Ok so just applied x1 coat of Car Plan bumper wax to all four tyres!

so will report back in a week or so!:thumb:







This is what my neighbour gave me many moons ago!


----------



## Hereisphilly (Nov 17, 2014)

simon burns said:


> Ok so just applied x1 coat of Car Plan bumper wax to all four tyres!
> 
> so will report back in a week or so!:thumb:
> View attachment 46368
> ...


Remembered seeing this thread on durability, sounds like it lasts a while
http://www.detailingworld.co.uk/forum/showthread.php?t=352726


----------



## Kimo (Jun 7, 2013)

simon burns said:


> Ok so just applied x1 coat of Car Plan bumper wax to all four tyres!
> 
> so will report back in a week or so!:thumb:
> View attachment 46368
> ...


That's actually a decent product on trim, wonder what it's like on tyres lol


----------



## Liam85 (Mar 25, 2015)

I have tried a lot and I find Megs Endurance works best. I don't clean and dry my tyres every wash, except with a quick rub with the wheel mitt. So most dressings don't take well except for Endurance.


----------



## Ric325i (May 5, 2015)

+1 Gyeon tyre


----------



## christopherquin (Apr 12, 2016)

Endurance Gel for me, however as stated previously it is horribly greasy. What I do is get a cheap pack of scouring pads from the poundshop use this to apply, it gets right into the tyre and really does work much better.


----------



## Fatboy40 (Apr 15, 2013)

None lasted that long for me, but what changed this was properly cleaning my tyres first. I bought this...

http://www.cleanyourcar.co.uk/wheel.../tuf-shine-tyre-cleaning-brush/prod_1534.html

... and give them a damned good scrub with some Bilberry, then rinse and repeat, and then apply dressing, and the change was night and day. Nasty brown gunge came off of the tyres, there's a technical name for what it is (it's not 'carbon black'), and the dressing now stays on for around a week longer.

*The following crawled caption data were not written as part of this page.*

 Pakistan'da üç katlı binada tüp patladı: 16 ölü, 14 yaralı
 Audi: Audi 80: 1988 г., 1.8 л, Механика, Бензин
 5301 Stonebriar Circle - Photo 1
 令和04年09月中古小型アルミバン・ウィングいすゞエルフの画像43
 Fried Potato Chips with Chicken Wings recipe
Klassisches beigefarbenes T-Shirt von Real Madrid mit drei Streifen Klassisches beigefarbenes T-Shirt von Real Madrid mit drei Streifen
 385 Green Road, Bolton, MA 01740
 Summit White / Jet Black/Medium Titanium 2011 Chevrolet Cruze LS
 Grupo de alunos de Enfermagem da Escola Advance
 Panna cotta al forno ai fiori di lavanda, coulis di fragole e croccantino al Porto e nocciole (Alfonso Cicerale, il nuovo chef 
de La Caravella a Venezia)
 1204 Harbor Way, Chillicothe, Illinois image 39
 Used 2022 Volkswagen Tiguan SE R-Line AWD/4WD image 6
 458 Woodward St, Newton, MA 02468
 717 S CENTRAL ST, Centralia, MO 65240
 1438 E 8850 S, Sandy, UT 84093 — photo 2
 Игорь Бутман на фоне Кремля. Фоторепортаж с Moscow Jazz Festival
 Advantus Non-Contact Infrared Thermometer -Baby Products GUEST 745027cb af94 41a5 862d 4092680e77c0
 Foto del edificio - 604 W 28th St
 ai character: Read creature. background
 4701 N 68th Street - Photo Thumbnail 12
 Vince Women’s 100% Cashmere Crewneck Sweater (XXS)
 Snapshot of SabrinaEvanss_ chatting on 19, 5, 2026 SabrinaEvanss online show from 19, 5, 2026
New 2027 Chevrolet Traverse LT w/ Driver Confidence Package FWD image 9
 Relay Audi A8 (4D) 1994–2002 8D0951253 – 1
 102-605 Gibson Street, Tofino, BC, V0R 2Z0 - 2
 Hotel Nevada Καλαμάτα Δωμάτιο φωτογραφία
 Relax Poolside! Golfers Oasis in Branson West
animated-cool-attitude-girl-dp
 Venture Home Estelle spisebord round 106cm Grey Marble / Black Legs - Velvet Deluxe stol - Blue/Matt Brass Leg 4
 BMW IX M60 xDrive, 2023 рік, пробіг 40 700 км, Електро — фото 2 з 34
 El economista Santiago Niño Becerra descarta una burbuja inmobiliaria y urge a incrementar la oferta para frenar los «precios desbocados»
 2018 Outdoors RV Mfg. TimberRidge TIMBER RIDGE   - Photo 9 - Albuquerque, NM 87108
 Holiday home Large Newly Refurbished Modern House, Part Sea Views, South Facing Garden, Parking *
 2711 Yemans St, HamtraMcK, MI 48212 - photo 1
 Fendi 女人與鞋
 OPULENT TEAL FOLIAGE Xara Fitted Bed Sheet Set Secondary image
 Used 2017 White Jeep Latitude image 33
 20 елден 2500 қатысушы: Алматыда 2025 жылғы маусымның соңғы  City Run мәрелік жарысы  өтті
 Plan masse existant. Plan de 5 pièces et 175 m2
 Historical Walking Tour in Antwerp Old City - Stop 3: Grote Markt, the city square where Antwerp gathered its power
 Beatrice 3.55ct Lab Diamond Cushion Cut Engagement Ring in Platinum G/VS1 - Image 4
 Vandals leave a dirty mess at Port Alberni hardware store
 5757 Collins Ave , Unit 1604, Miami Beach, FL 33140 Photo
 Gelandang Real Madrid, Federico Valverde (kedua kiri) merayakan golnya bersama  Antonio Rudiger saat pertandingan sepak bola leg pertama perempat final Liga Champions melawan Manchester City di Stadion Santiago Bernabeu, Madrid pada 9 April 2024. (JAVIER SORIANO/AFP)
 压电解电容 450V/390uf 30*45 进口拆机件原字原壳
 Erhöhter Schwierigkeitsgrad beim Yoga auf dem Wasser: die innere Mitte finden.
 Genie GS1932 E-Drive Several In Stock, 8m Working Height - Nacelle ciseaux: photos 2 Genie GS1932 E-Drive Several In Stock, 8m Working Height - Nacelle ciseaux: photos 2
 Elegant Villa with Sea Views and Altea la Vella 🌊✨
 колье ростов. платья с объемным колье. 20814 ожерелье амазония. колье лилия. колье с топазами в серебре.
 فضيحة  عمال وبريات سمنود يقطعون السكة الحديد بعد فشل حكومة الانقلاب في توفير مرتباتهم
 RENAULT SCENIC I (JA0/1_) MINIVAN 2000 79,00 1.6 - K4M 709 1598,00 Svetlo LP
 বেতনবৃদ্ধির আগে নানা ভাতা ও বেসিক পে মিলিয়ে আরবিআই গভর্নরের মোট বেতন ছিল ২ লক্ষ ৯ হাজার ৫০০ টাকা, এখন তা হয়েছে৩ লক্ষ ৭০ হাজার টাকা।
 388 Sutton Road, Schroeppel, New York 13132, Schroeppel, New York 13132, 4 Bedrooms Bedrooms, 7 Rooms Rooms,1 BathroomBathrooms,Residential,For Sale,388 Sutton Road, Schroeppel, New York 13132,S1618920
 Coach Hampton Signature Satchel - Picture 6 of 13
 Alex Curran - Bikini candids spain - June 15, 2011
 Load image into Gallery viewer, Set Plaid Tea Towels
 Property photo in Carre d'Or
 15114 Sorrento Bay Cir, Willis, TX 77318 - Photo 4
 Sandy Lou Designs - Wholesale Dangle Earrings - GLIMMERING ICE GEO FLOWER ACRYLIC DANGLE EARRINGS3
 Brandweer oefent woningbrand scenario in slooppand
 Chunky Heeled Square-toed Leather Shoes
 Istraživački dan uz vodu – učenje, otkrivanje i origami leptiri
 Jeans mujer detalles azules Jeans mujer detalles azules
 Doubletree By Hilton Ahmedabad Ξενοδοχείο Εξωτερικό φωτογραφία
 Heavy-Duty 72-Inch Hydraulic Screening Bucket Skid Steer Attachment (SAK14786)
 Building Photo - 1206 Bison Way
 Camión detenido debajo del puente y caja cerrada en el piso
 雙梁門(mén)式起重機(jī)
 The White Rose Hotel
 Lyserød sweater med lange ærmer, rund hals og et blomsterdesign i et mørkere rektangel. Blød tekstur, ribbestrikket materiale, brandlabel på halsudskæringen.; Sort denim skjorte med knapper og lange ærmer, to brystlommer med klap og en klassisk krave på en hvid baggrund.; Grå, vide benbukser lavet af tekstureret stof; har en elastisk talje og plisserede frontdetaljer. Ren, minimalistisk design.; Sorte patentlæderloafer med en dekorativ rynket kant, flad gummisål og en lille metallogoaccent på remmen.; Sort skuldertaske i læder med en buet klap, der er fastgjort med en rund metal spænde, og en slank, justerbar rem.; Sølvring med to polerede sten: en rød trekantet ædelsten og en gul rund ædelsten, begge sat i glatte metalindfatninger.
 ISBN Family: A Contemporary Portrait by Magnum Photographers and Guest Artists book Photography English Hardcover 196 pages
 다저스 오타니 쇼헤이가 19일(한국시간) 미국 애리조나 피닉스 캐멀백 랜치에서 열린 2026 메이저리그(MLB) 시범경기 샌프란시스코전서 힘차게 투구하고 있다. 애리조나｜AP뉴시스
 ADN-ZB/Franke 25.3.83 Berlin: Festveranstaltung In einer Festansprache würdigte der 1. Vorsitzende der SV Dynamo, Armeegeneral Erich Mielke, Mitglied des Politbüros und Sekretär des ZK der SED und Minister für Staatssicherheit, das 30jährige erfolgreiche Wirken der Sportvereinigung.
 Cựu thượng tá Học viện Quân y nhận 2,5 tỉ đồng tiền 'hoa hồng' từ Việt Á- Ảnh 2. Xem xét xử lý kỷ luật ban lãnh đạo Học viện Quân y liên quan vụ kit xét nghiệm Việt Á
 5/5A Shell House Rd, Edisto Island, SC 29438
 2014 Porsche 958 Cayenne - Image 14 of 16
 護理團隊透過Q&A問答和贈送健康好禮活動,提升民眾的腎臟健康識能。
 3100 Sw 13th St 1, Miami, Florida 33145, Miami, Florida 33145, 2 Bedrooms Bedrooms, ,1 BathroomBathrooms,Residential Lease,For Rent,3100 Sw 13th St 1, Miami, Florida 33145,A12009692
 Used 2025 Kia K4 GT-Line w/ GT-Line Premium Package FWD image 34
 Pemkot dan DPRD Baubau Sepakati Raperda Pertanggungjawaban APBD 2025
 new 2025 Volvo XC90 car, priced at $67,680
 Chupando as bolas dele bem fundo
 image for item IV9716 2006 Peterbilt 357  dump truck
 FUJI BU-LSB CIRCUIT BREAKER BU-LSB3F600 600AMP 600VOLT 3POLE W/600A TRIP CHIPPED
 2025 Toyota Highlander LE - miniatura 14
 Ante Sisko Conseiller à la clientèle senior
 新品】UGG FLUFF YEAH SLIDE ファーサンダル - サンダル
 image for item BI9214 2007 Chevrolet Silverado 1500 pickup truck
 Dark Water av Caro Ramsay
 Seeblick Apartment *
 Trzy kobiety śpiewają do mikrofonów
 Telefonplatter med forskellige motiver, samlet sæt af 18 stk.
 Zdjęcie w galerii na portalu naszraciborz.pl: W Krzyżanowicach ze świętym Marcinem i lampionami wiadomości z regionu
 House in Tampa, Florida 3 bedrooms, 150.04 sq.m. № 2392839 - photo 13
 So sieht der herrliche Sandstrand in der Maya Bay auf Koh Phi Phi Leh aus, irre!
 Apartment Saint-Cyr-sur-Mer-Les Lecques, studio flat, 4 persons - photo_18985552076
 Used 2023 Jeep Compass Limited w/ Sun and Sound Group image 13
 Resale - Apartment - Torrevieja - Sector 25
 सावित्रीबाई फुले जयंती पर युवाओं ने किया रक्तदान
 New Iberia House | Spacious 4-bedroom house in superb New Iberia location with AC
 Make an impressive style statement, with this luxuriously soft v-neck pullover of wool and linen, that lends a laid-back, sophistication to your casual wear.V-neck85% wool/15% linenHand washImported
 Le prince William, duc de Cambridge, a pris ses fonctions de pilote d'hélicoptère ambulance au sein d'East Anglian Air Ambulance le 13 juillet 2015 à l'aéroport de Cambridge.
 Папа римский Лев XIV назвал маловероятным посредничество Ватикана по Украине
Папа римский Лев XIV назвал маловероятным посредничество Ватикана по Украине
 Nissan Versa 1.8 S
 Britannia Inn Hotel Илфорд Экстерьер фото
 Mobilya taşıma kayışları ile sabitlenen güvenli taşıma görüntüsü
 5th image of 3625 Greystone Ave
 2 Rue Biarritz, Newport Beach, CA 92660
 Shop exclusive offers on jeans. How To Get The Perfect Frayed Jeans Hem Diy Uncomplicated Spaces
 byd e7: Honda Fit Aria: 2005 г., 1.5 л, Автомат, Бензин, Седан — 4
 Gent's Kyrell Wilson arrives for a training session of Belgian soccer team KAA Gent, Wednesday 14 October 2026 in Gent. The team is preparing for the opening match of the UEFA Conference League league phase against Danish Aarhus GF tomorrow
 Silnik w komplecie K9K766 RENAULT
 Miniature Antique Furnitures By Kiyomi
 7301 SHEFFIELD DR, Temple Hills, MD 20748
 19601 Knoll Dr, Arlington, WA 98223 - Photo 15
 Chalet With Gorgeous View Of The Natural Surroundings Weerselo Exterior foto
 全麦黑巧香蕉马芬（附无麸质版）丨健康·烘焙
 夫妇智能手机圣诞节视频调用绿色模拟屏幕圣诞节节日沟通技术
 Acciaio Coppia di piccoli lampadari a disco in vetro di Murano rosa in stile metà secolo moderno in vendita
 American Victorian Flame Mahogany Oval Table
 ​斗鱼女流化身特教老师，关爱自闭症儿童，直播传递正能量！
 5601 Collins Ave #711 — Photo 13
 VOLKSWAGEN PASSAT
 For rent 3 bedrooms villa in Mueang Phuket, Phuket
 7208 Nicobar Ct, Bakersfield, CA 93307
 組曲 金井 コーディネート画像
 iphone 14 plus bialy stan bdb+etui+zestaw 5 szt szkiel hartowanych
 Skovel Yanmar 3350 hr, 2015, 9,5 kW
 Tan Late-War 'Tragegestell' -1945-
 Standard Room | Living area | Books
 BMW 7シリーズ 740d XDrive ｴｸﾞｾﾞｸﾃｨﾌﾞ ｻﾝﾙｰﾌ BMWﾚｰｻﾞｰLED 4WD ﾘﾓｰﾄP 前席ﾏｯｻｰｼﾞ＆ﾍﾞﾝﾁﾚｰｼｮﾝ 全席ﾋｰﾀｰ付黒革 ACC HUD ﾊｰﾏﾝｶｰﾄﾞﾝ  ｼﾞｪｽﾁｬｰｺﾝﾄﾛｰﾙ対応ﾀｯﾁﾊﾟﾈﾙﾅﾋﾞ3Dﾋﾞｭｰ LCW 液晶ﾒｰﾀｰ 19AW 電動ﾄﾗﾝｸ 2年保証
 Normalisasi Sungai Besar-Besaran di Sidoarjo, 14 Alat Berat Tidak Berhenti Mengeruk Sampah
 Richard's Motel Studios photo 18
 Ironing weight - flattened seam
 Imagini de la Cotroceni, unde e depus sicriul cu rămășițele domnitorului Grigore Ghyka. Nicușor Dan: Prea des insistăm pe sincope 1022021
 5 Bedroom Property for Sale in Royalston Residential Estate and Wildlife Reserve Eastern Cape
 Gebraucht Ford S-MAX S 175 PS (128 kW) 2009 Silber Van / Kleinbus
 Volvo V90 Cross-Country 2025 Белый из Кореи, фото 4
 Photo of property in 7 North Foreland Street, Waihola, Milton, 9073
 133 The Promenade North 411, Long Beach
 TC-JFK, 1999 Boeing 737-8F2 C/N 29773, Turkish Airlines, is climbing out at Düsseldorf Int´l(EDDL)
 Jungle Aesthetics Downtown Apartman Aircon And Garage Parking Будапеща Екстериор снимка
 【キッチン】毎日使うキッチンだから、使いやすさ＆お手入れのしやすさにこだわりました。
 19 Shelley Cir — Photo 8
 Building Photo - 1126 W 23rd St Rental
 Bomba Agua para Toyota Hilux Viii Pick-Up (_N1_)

I'm using some bargain bin Muc-Off tyre gel at the moment, not great but very cheap, and I get around two weeks on an A road commute.


----------



## s70rjw (Apr 18, 2006)

I've been impressed with Tyromania from Dodo juice. Mines been on 3 weeks and car wheels have been washed 3 times together with plenty of rain. After a wipe down with a wash mitt, tyres are still nice and new looking. Tyres look new as apposed to bring when it's applied.


----------



## marco1980 (Mar 10, 2016)

christopherquin said:


> Endurance Gel for me, however as stated previously it is horribly greasy. What I do is get a cheap pack of scouring pads from the poundshop use this to apply, it gets right into the tyre and really does work much better.


Used to use these as well for applying tyre gel but found the dressing seeps to much into the foam having to throw them out after 1 use.
What I have found to be much better is the foam tile grout sponges you can get from B&Q cut into 4 . The foam is much denser than the cheap scouring pads and doesn't seep through the foam. I'm still using the 1st quarter after a couple of months use.
:thumb:


----------